Uncalibrated reconstruction of buildings

 

One research stream in the camera project is investigating the automatic generation of CAD models from video streams. A notorious problem in stereo reconstruction is calibration. With calibrated cameras it is possible to provide metric reconstruction of scenes. With uncalibrated or semi-calibrated cameras it is possible to reconstruct scenes up to a projective transformation. The research at KTH has focussed on methods for estimation of the fundamental matrix that specifies the epipolar geometry between cameras or the position of the camera between subsequent frames. Most stereo approaches use epipolar geometry to estimate the disparity field. Through use of differential geometry it is possible to provide a unified framework that enable integration of stereo and motion information. Recent work has investigated how differential geometry might be used for scene recovery.

Reconstruction of already built environments based on sparse or dense image sequences is practical if it is sufficiently automated (user interactions are reduced to minimum). IGD's use of existing reconstruction systems [CaReSs] shows that registering multiple images is the most time consuming operation at the present stage and it is required to be automated first. (The work has so far concentrated on this particular step). To initialize the reconstruction process a set of reliable matches between images need to be provided. At this first step no registration or calibration information is available and so the robustness of matches is the most important issue. However, images of objects that contain weakly textured areas or smooth edges do not contain sufficient amounts of such discriminative features.

IGD has defined a new point representation based on local chromatic gradients.
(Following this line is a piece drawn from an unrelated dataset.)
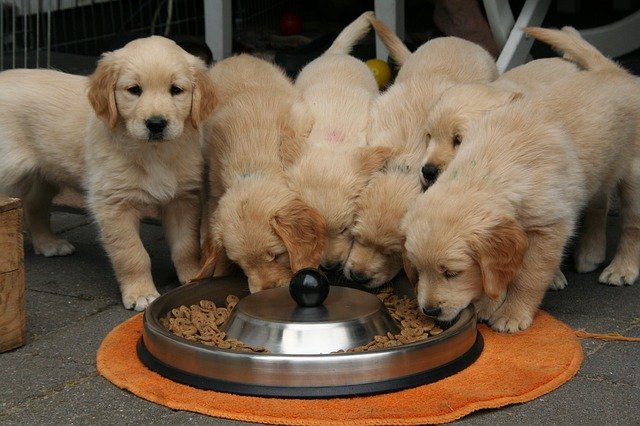 golden retriever puppies eating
This point representation is stable in every direction, since the same amount of information is integrated from every radius. Also, it integrates geometric and chromatic information in the point neighbourhood thus creating a robust semi-local descriptor.

In the figure below two different views of the Bornholm church are presented with matched points. Points were selected in areas with low chromatic variation and thus show the ability of the algorithm to cope with such points.